Exercise brief:
Give the data back exactly. Leave out any images.

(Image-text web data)
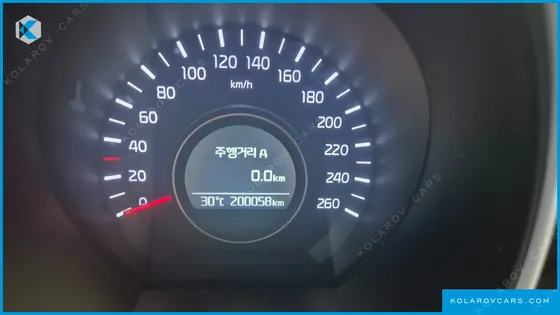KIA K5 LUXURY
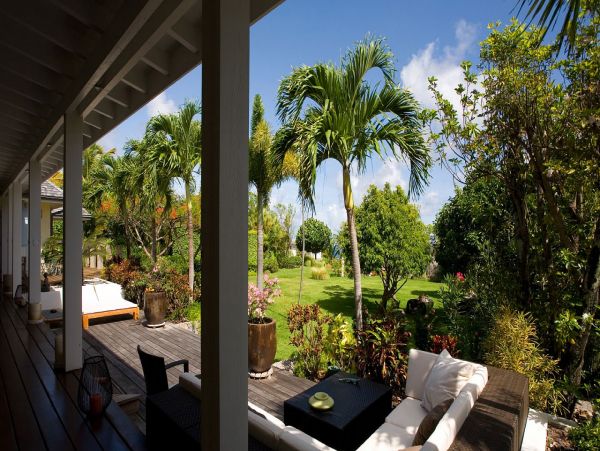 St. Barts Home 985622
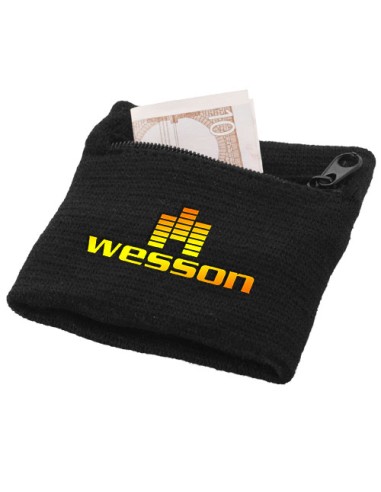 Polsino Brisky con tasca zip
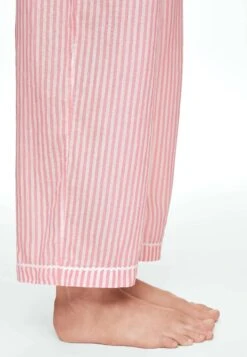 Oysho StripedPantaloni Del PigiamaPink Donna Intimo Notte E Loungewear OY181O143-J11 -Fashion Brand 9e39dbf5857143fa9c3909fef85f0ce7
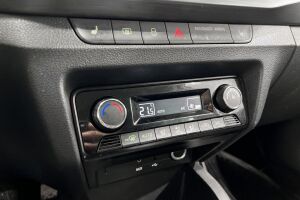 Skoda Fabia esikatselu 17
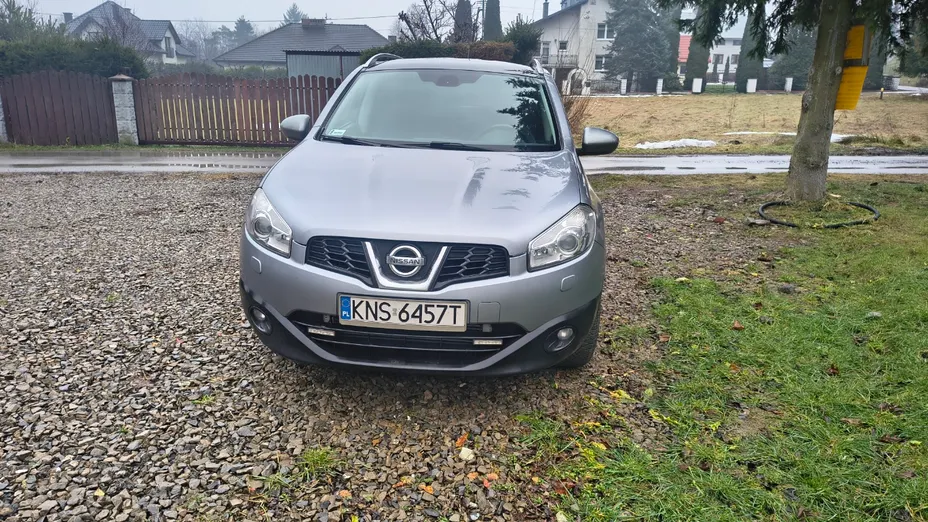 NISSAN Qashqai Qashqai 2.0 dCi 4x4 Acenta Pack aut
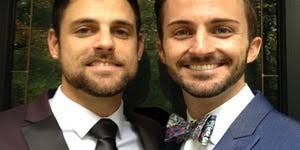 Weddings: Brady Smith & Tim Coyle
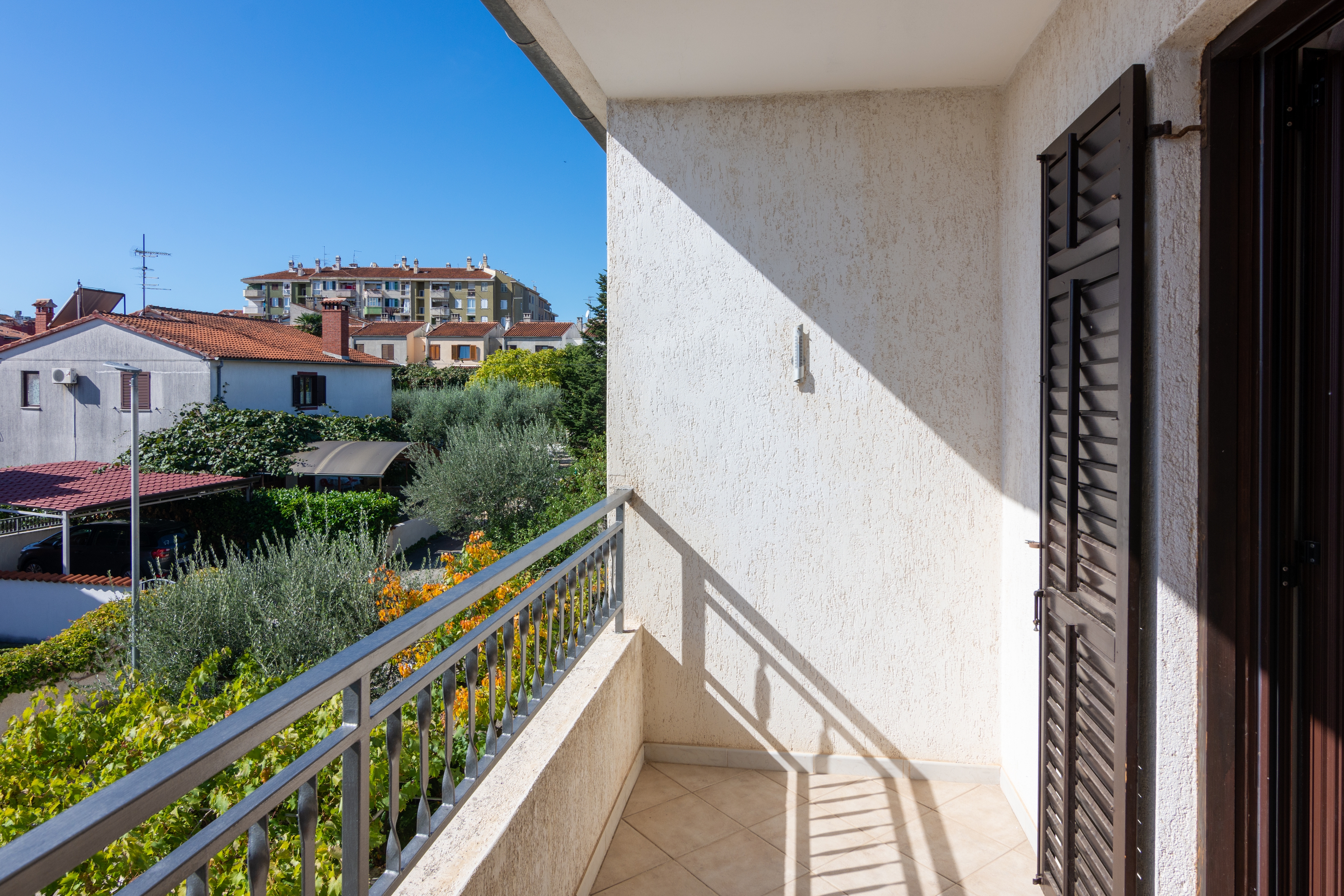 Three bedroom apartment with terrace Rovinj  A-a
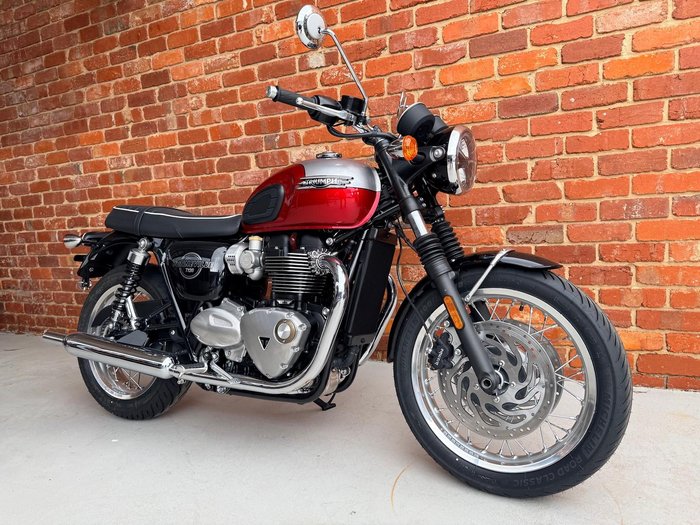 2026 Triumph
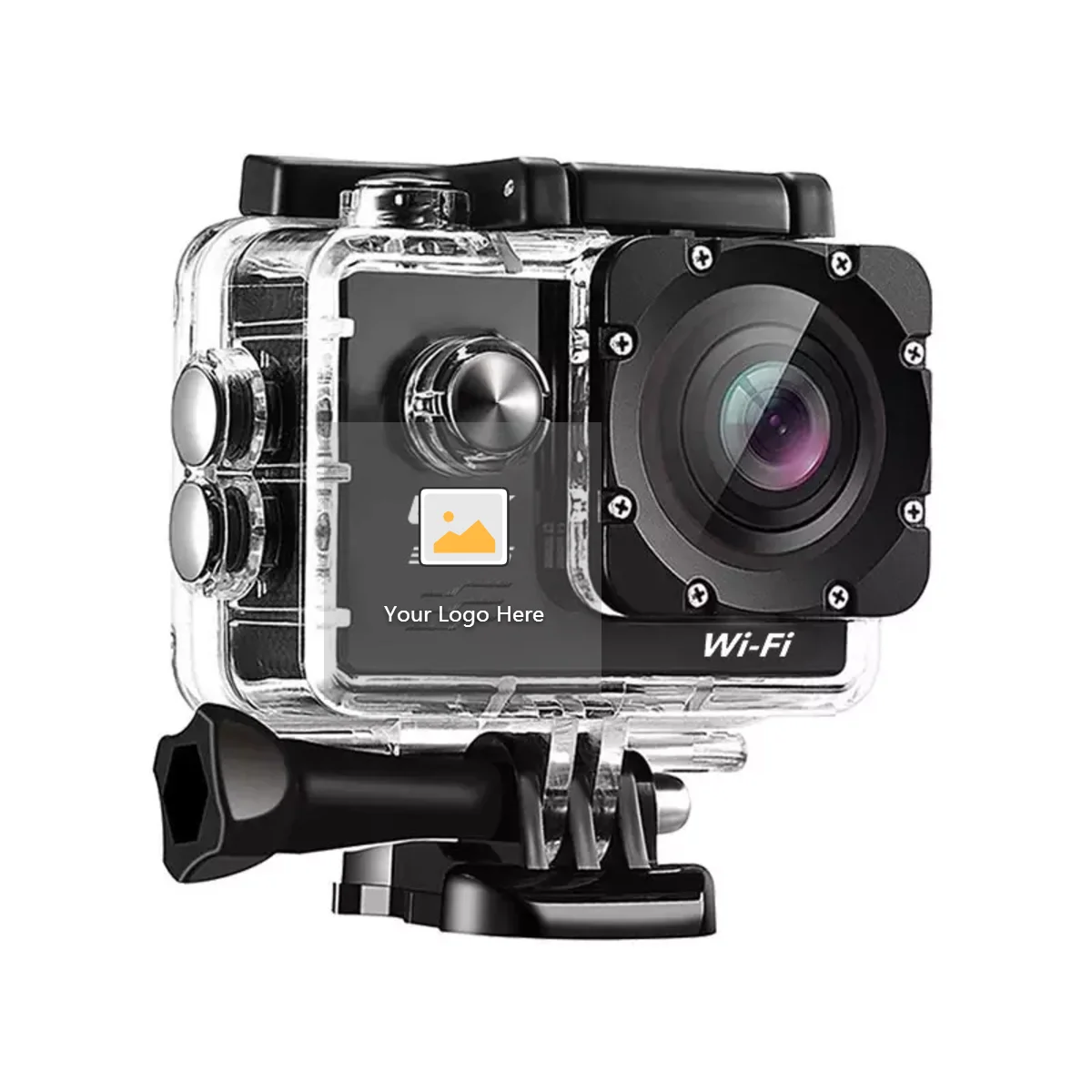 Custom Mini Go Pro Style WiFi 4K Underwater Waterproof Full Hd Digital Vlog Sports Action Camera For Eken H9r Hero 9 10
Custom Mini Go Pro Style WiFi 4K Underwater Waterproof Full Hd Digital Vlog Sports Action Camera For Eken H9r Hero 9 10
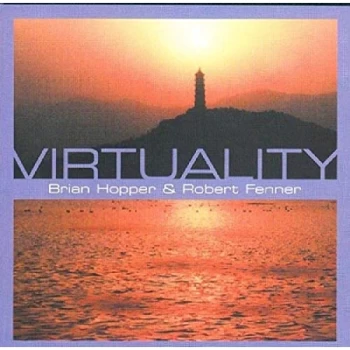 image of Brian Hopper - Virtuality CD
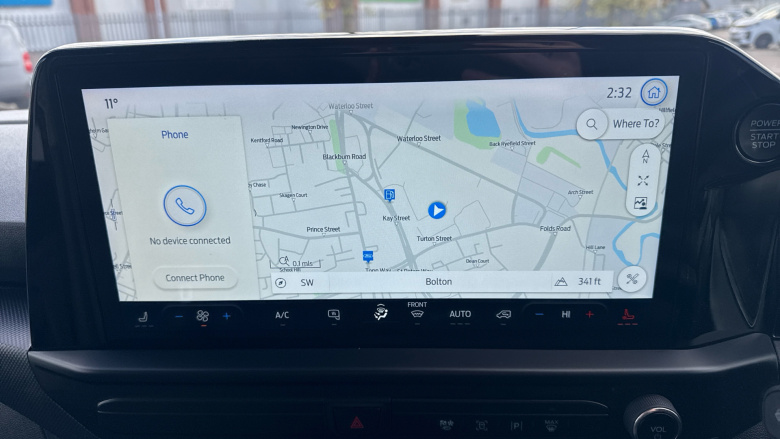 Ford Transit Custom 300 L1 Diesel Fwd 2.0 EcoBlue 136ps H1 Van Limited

Answer to this task:
KIA K5 LUXURY
 St. Barts Home 985622
 Polsino Brisky con tasca zip
 Oysho StripedPantaloni Del PigiamaPink Donna Intimo Notte E Loungewear OY181O143-J11 -Fashion Brand 9e39dbf5857143fa9c3909fef85f0ce7
 Skoda Fabia esikatselu 17
 NISSAN Qashqai Qashqai 2.0 dCi 4x4 Acenta Pack aut
 Weddings: Brady Smith & Tim Coyle
 Three bedroom apartment with terrace Rovinj  A-a
 2026 Triumph
 Custom Mini Go Pro Style WiFi 4K Underwater Waterproof Full Hd Digital Vlog Sports Action Camera For Eken H9r Hero 9 10
Custom Mini Go Pro Style WiFi 4K Underwater Waterproof Full Hd Digital Vlog Sports Action Camera For Eken H9r Hero 9 10
 image of Brian Hopper - Virtuality CD
 Ford Transit Custom 300 L1 Diesel Fwd 2.0 EcoBlue 136ps H1 Van Limited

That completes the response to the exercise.